Exercise
All that is needed is an exact copy of the lines from the beginning of the data below through the line containing "Collection of six", minus the pictures.

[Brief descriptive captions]
+++++
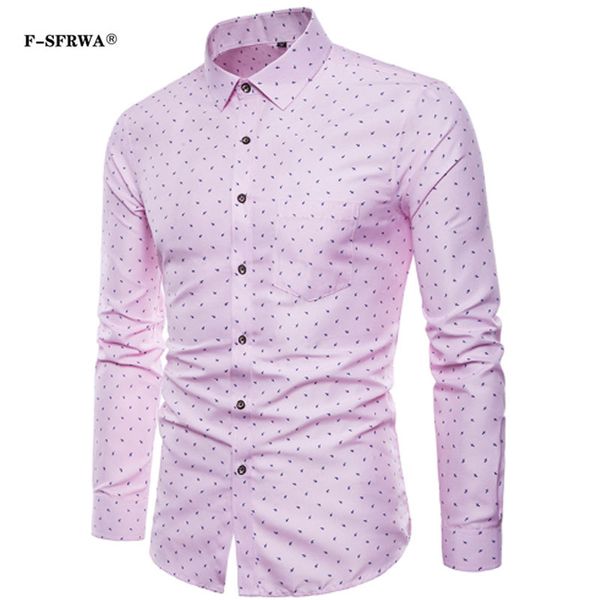 

f-sfrwa 2019 spring and summer new solid color men's wave point printing shirt men's long sleeve business casual shirt, White;black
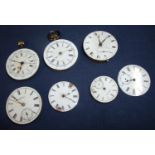 Collection of six pocket watch movements and one pocket watch face, various makers including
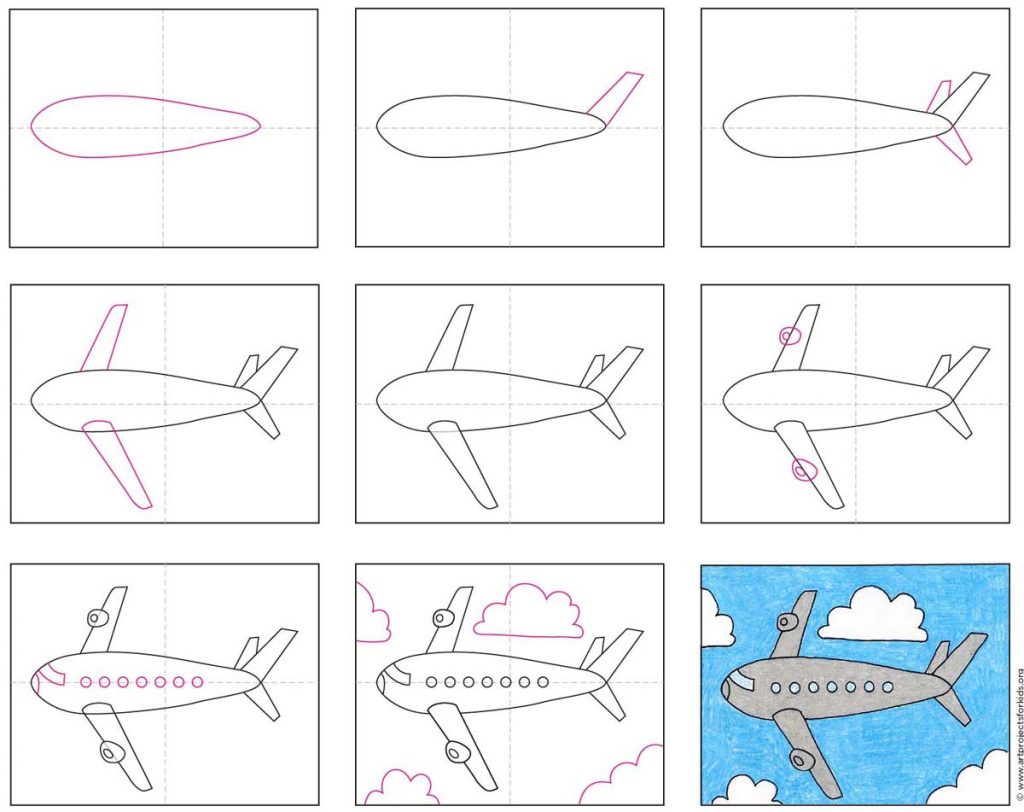 how to draw a simple small airplane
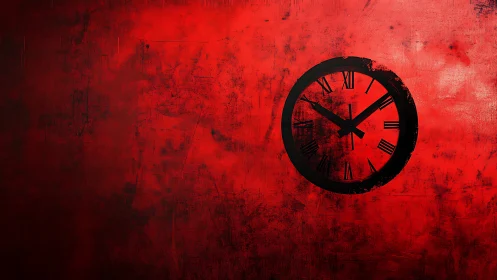 Black Roman numeral clock centered on distressed red field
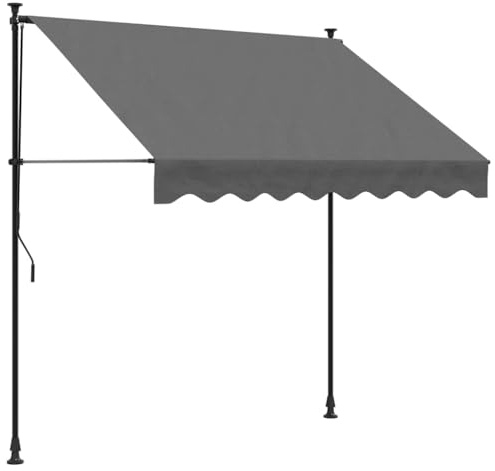 Xhnifbn Toldo retráctil antracita 200 x 150 cm, toldo de balcón regulable con manivela, robusto toldo de acero y tela para balcón y terraza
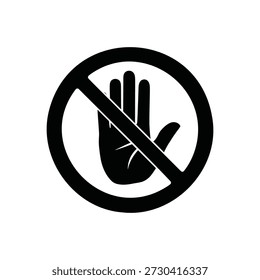 Señal de stop road. Vector de icono de parada de mano aislado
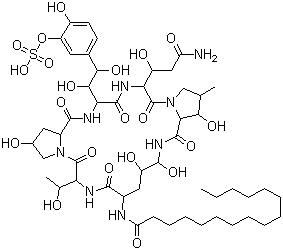 CAS # 160335-87-5, WF 11899A, 4,5-Dihydroxy-N2-(1-oxohexadecyl)ornithylthreonyl-4-hydroxyprolyl-4-hydroxy-4-[4-hydroxy-3-(sulfooxy)phenyl]threonyl-3-hydroxyglutaminyl-3-hydroxy-4-methylproline (6-1)-lactam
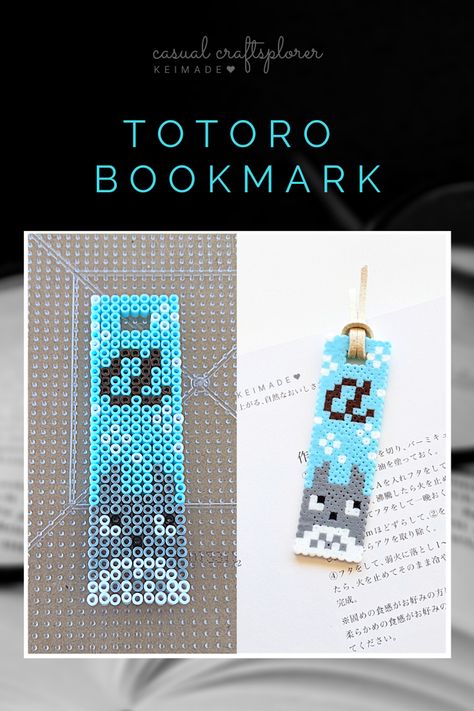 Perler Beads Best Friends, Pyssla Ideas Bookmark, Pyssla Bookmark, Books Pixel Art, Pixel Bookmark, Pixel Art Bookmark, Totoro Bookmark, Perler Bead Bookmarks, Hama Beads Kawaii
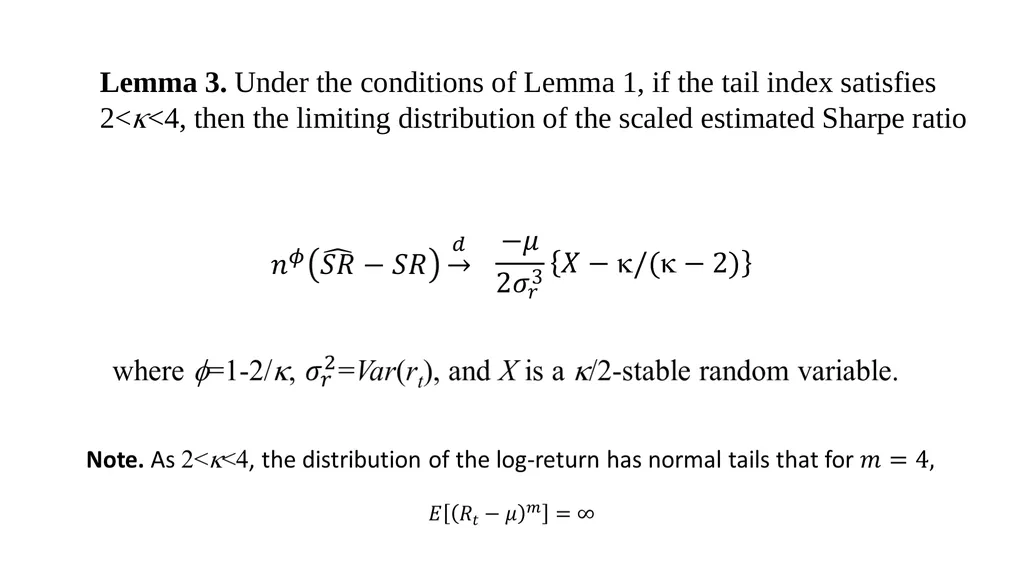 Sharpe Ratio under Long-Range Dependent and - slide 12 of 16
+++++
Reply
f-sfrwa 2019 spring and summer new solid color men's wave point printing shirt men's long sleeve business casual shirt, White;black
 Collection of six pocket watch movements and one pocket watch face, various makers including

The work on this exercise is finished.